[YOUR OBJECTIVE]: Lines from the one containing "Trendy Cactus Flower" through the last line of the records below need to be repeated exactly; nothing else, and no pictures.

[DATA FOR THIS TASK]:
Content starts

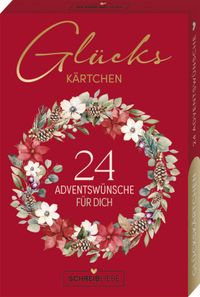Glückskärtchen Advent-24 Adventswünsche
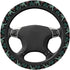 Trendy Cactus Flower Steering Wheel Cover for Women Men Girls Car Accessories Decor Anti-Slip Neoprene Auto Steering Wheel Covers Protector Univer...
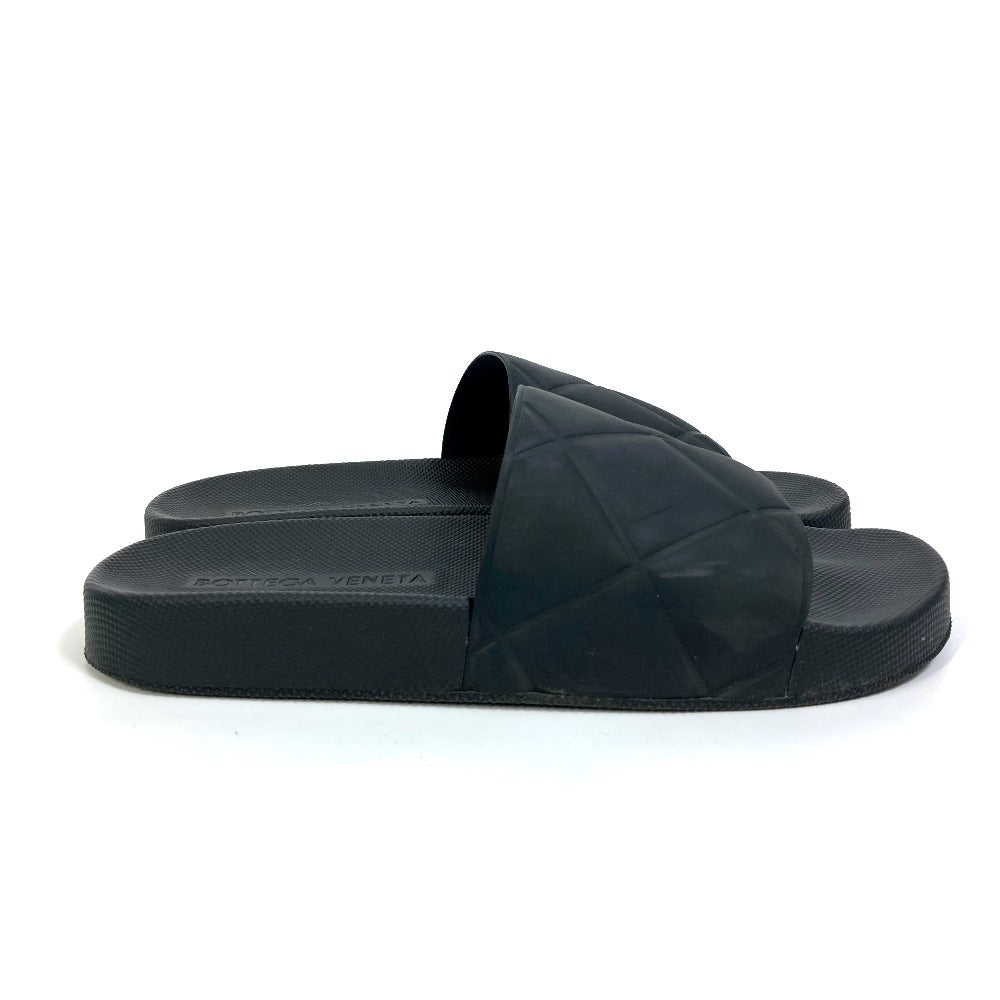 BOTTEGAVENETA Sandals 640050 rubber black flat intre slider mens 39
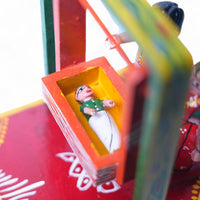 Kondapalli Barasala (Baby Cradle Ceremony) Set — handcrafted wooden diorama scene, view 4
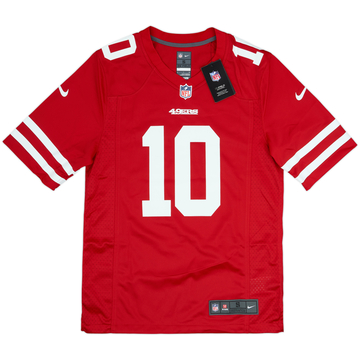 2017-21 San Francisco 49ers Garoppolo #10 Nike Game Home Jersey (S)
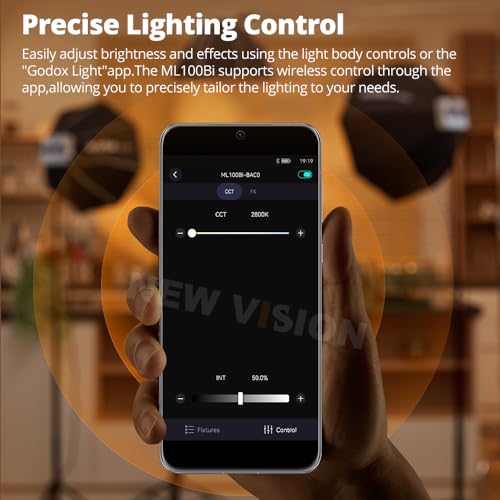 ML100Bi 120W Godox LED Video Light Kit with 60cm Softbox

Content ends

[REPLY]:
 Trendy Cactus Flower Steering Wheel Cover for Women Men Girls Car Accessories Decor Anti-Slip Neoprene Auto Steering Wheel Covers Protector Univer...
 BOTTEGAVENETA Sandals 640050 rubber black flat intre slider mens 39
 Kondapalli Barasala (Baby Cradle Ceremony) Set — handcrafted wooden diorama scene, view 4
 2017-21 San Francisco 49ers Garoppolo #10 Nike Game Home Jersey (S)
 ML100Bi 120W Godox LED Video Light Kit with 60cm Softbox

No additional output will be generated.